Per quanto attiene alla parte della domanda sul motivo per cui non è stato possibile avviare adeguate indagini sul “nodo fiorentino”, la risposta può essere data solo dalla Procura di Roma, alla quale è stato inviato, nella primavera del 2001, un rapporto, a firma di Giovanni Pellegrino e mia, con il quale si prospettava quanto risultato alla “Stragi” a proposito del Comitato toscano delle BR e del Prof. Senzani. Giovanni Pellegrino, in una lettera scrittami nell’estate scorsa e riportata nel mio saggio su Aldo Moro, al proposito di questo argomento ha asserito: “Tutto ciò che segnalammo con un rapporto alla Procura di Roma sul nodo fiorentino del caso Moro ha avuto come unico effetto quello di indurre la Procura a chiudere ogni indagine sul sequestro e sull’omicidio”, per poi così concludere la sua missiva: “... noi lavoravamo seriamente, ma per questo dovevamo essere fermati e comunque non seguiti.”


7) Nell’agosto del ’98 giunsero in Commissione Stragi molti faldoni contenenti «atti di elevata classifica» da «considerarsi di vietata divulgazione». Il 29 maggio del 99, il Presidente Pellegrino dichiarava al Messaggero “Siamo vicini ad una svolta, so cose che non posso dire e che non direi neppure in seduta segreta alla commissione stragi”. E’ passato oltre un decennio. Lei era a conoscenza di quei contenuti? E’ possibile almeno rivelare a quali aspetti della vicenda facevano riferimento quelle parole?

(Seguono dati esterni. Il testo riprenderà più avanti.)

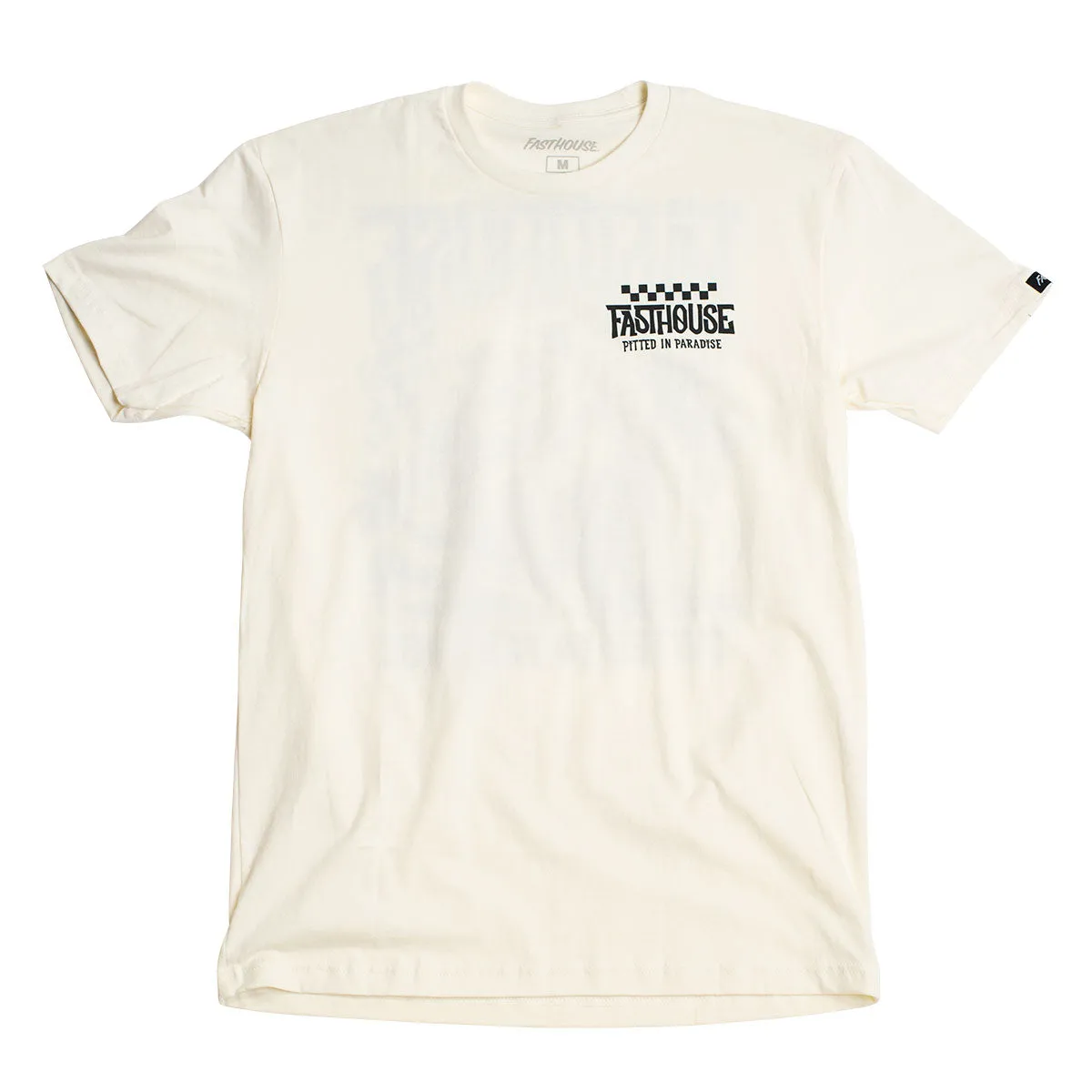 Pitted Tee - Natural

Non ricordo i particolari cui si accenna, né i contenuti dei faldoni giunti nell’agosto del 1998 in Commissione “Stragi”. Non credo però che abbiano portato a risultanze che non siano state già rese note in nostri elaborati, o nei miei saggi o in quelli di Pellegrino. Se può interessare, mi ricordo ora solo di 8 faldoni di documenti giunti dal Sismi sulla figura e sull’attività eversiva di Giangiacomo Feltrinelli. Questo materiale è pervenuto a noi il 4 dicembre 2000 e non nel 1998.


8) In una recente intervista andata in onda su GR Parlamento, il segretario politico di Moro Sereno Freato, ha raccontato come, in realtà nella gestione della strategia che voleva Moro morto più che il consulente americano siano stati due poliziotti dell’antiterrorismo tedesco venuti a Roma ad avere grosse responsabilità. Il rapimento, secondo Freato, fu gestito nello stesso modo della vicenda Schleyer quando il governo tedesco braccò i militanti della RAF, costringendoli a spostare più volte l’industriale tedesco rapito, per poi metterli all’angolo e spingerli ad uccidere il prigioniero. Fu lo stesso Moro in una delle sue lettere a domandarsi se non ci fossero ingerenze “americane o tedesche” che impedivano l’evoluzione delle trattative. Nelle acquisizioni della Commissione Stragi esiste traccia di poliziotti tedeschi e di un loro ruolo all’interno della vicenda Moro?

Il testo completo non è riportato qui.